This is good info on the finial. I will look for this. I wish I would have known about the chrome because that is the ones I ordered thinking it was the safest plating that would last. Will have to check this out for myself. Maybe there is something I can coat the markings with to make them stand out better if that is an issue. Maybe some colored epoxy. 

As I mentioned this is a first and will do a review of the kit. Being for friend if anything goes wrong with them I can always get back and correct. 

While we are on it, how does the other platings hold up???  Is there concerns from useage??


----------



## WriteON (Feb 10, 2016)

jttheclockman said:


> Maybe some colored epoxy.
> 
> As I mentioned this is a first and will do a review of the kit. Being for friend if anything goes wrong with them I can always get back and correct.
> 
> While we are on it, how does the other platings hold up???  Is there concerns from useage??

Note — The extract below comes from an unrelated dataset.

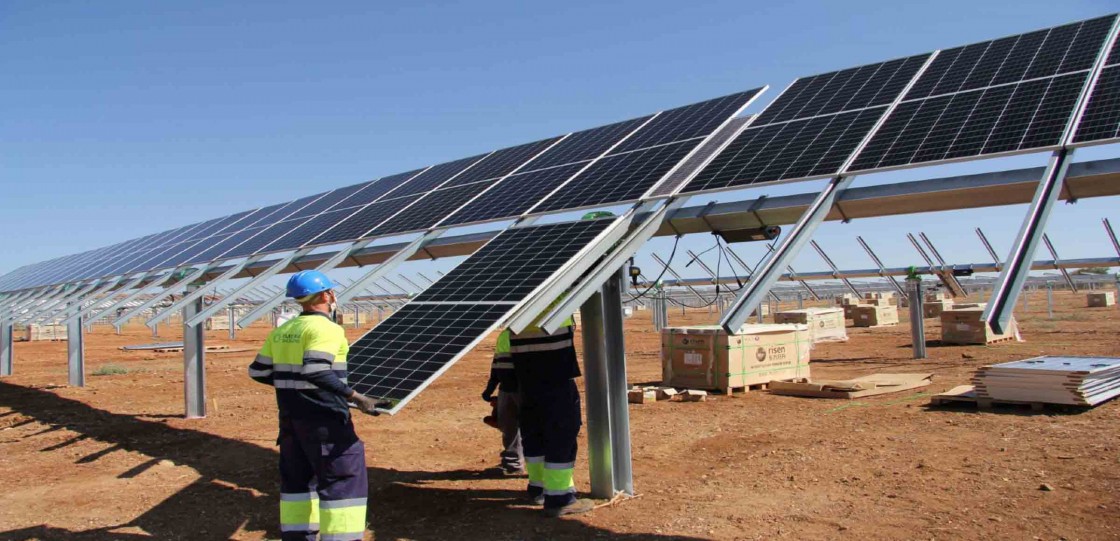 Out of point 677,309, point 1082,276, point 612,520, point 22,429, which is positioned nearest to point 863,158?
point 612,520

I sold a few...have not gotten any negative feedback. All seem to be fine. The Chrome Gear is a nice pen...maybe a rub with black rustoleum to fill the shift pattern. I do not have chrome to show...sold it for (pm if interested)

While we're on the subject.
Music Pens...chrome least desirable.
Faith/Hope/Love...gold least desirable.


----------



## jttheclockman (Feb 10, 2016)

WriteON said:


> jttheclockman said:
> 
> 
> > Maybe some colored epoxy.
> ...




Well I am not a fan of the gimmick pen but as I keep saying I thought i would try them for a guy who loves cars and racing. I could have done a simple carbon fiber but this has a little more appeal.

Frank what is the top pen you show in that photo??? You can see the markings well in that one.


----------



## WriteON (Feb 10, 2016)

jttheclockman said:


> WriteON said:
> 
> 
> > jttheclockman said:
> ...



Top is pewter. The antique brass under it has great markings...just a bad picture. Gear pens are real nice close up. Gimmick pens...These pens are absolutely attractive & functional. Certainly not traditional but rather fascinating. I hope they grow on you. There is a lot to choose from. Let your customers & friends be the critics. I thought the skull pen was a bunch of nonsense until I made them. Regardless have fun.


----------



## jttheclockman (Feb 10, 2016)

One other question Frank being you have done these. From all the photos in catalogs I see, on the chrome kit it shows the flutes on the nib end to be blackened. Is this a reflection of the light when they took the photo???  On the pewter they are clear is that correct. And the bronze are they clear??? I like the black. I assume the tire treads are blackened.

I may need to do a look and see if i can find some photos here of these completed. I am still a few days away from getting them. Thanks.


I found this thread and if mine come out half as good as these I will be thrilled.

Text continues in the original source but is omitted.